(Beginning of Given information)

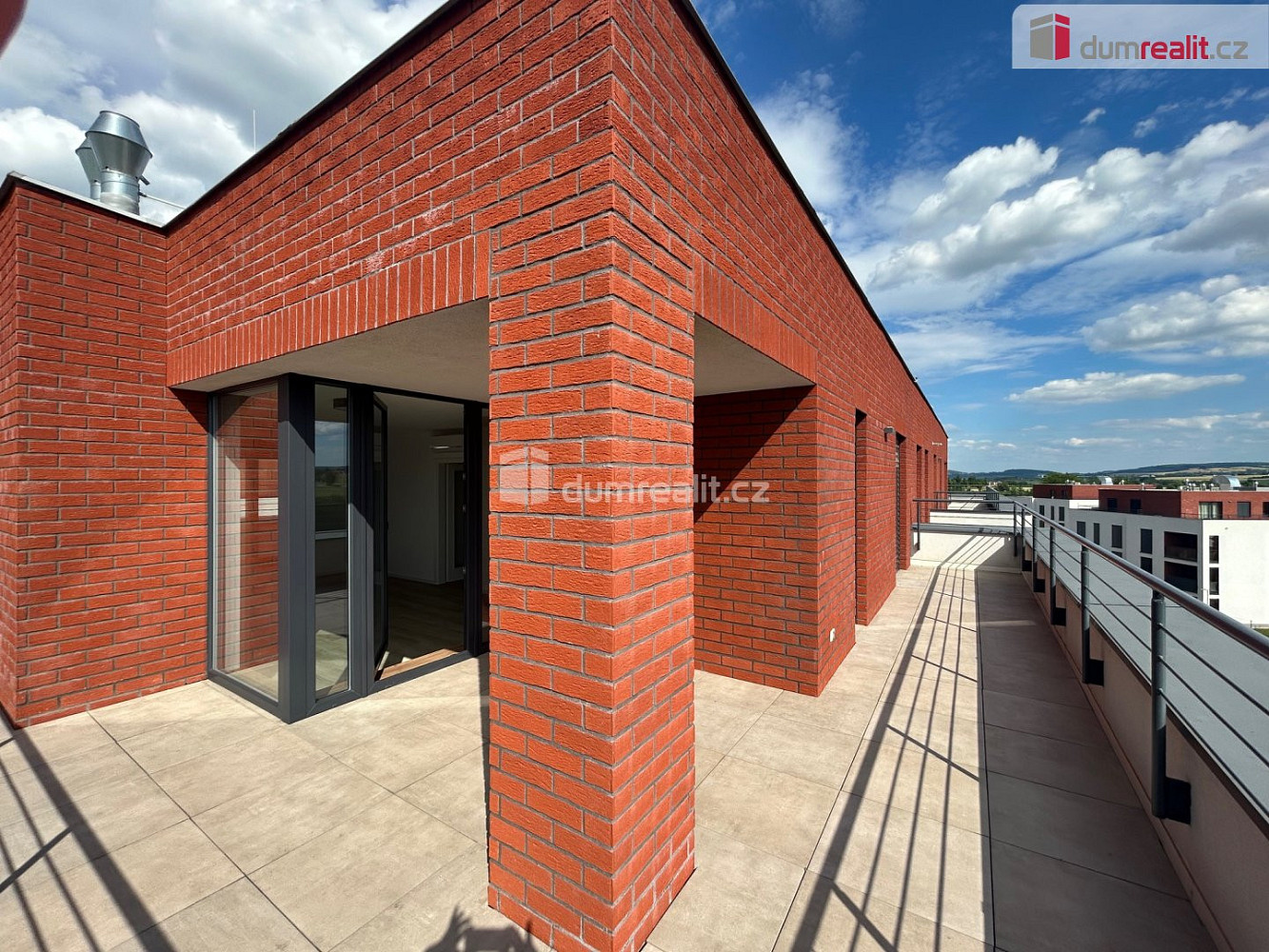 Pronájem bytu 3+kk 90 m²
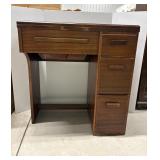 Vintage Singer Sewing Machine & Cabinet 29"x31"H
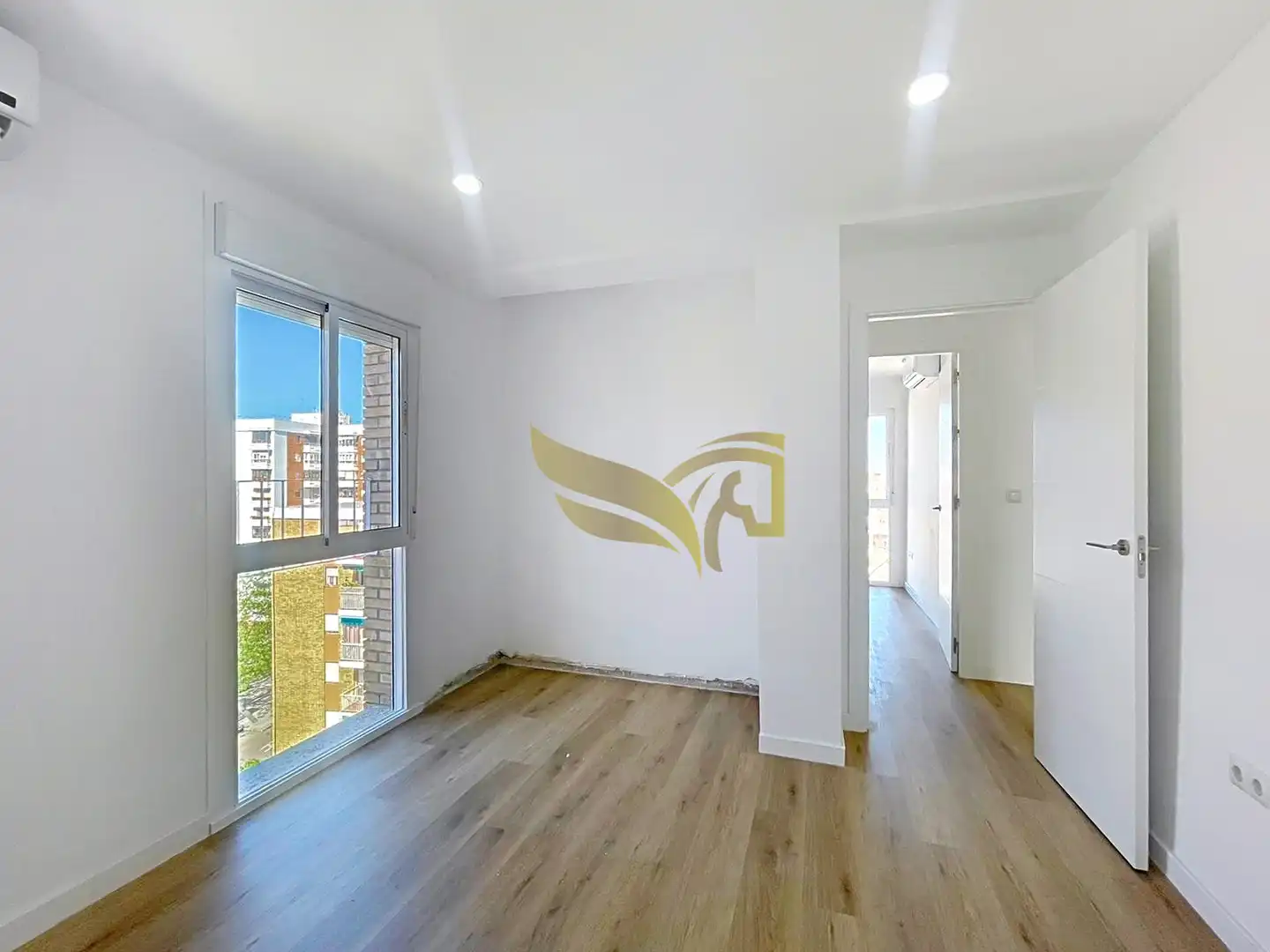 Attic for sale in Sevilla  with Air Conditioner, Heating and Terrace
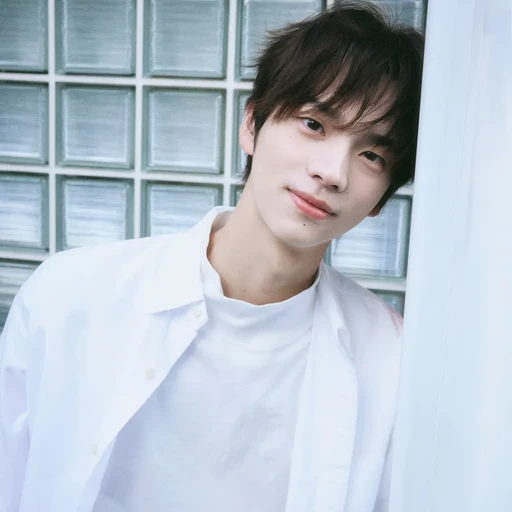 투어스 신유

(End of Given information)

Directions:
Give the data again exactly. Keep the images out.

Written reply:
 Pronájem bytu 3+kk 90 m²
 Vintage Singer Sewing Machine & Cabinet 29"x31"H
 Attic for sale in Sevilla  with Air Conditioner, Heating and Terrace
 투어스 신유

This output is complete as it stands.